Groups and independent travellers alike will enjoy a day at the seaside exploring the Durham Heritage Coast with its dramatic cliffs of Magnesium Limestone grassland. Find out what a dene is, explore the area’s maritime and industrial heritage and travel across millions of years of geological time in the company of your Blue Badge Guide. Ice cream, anyone?
By contrast, the high Pennine moorland in the west side of the County offers those all-important majestic scenic views from the coach window. Weardale, Teesdale and the Derwent valley offer up their stories of lead miners, Methodism, farming communities, protected landscape and even the odd literary and artistic connection or two. All accompanied by the seasonal soundtrack of the haunting calls of upland birds. Tell us where your interests lie and we will plan an itinerary showcasing all that is good in the North Pennines Area of Outstanding Natural Beauty.

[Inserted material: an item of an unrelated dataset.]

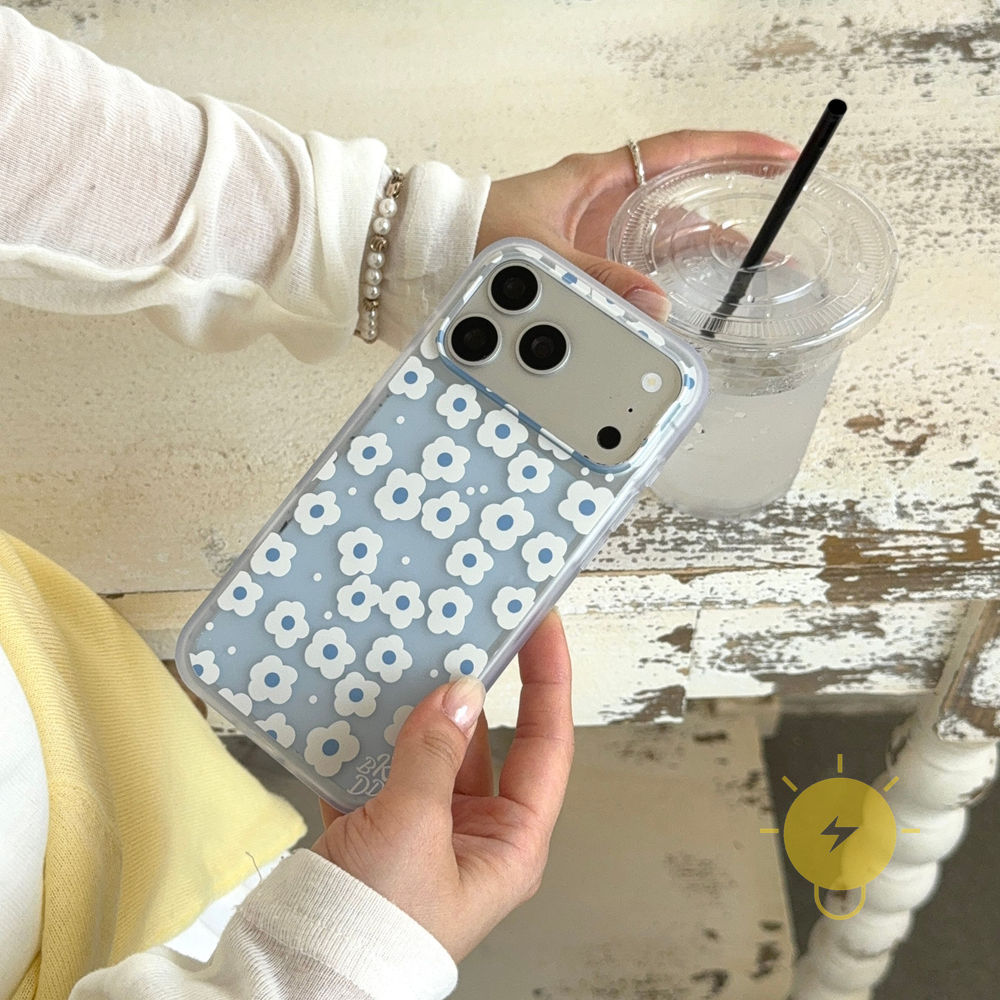 Phone Case For iPhone 17 Pro Max 16 15 TPU Transparent Flower Aesthetic Korean Cute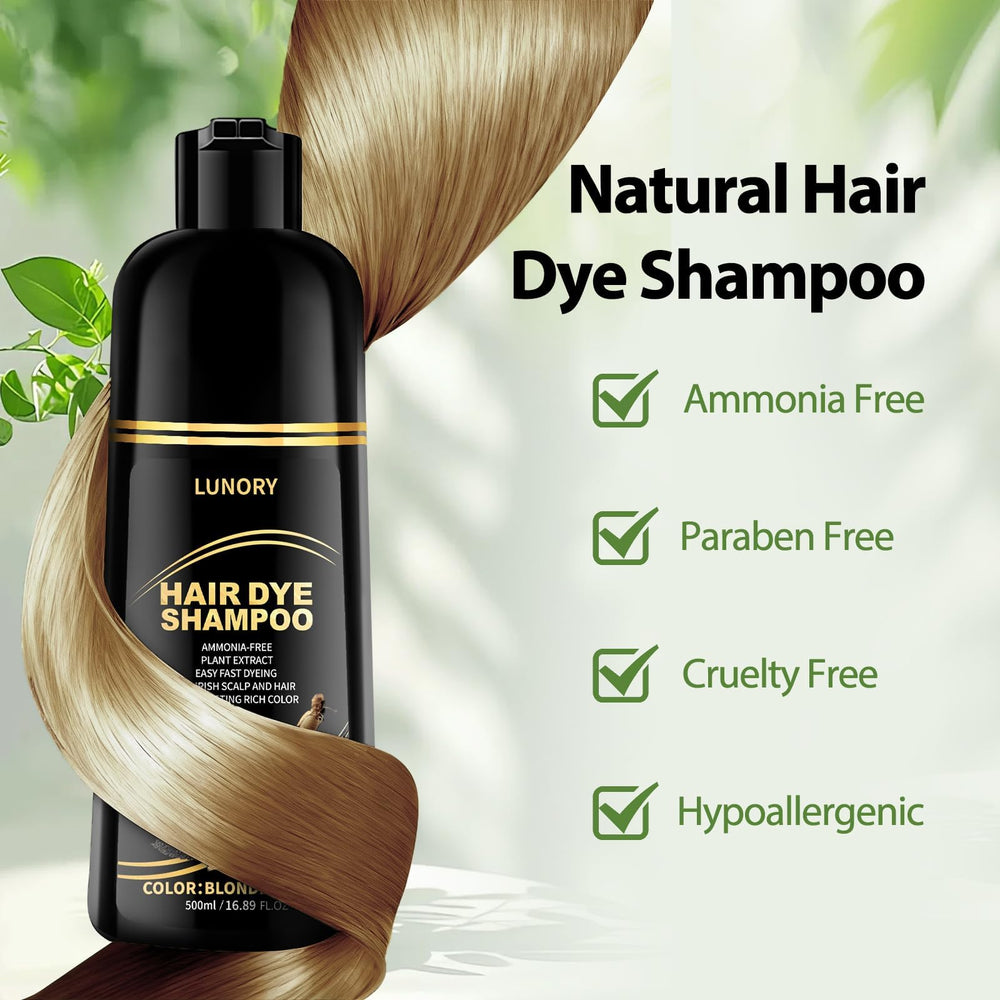 Lunory Blonde-Brown Hair Dye Shampoo 20–25 minute wait for color development.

Be mesmerised by the power of the River Tees as it cascades over High Force Waterfall or astonished by the collection of European art, textiles and ceramics at The Bowes Museum located in the quaint market town of Barnard Castle. Outside and inside this is a building of beauty.
And don’t forget Bishop Auckland. The town is now at the centre of exciting and transformative tourism developments which make it a key player in our regional story. Auckland Palace was the former country residence of the Prince Bishops of Durham and the recent comprehensive restoration and refurbishment of its State rooms is simply stunning. Stroll across the historic Market Place to visit the intriguing art collection at the Spanish Art Gallery before exploring the dark underworld of Durham’s industrial legacy through the works of locally celebrated artists on show in the Mining Art Gallery.
Leave sufficient time to spend a day at Beamish Museum and immersive yourself in the industrial and social heritage of our region.
Your Blue Badge Guide will set the scene by describing what there is to discover across this multi-award winning site. Watch old fashioned confectionary being made by hand or pop into The Town’s pub to taste its finest brew.
In the Pit Village venture underground into the drift mine to learn of the life of the region’s coalminers. And round off the day with a step into the Museum’s 1950s village where rock n’ roll music and blue formica table tops create instant memories.
Blue Badge Guides can help you discover our fascinating and nationally important railway heritage too. We love the National Railway Museum Locomotion at Shildon with its extensive exhibits and links to two of the nation’s most important 19th century railway engineers: George Stephenson and Timothy Hackworth.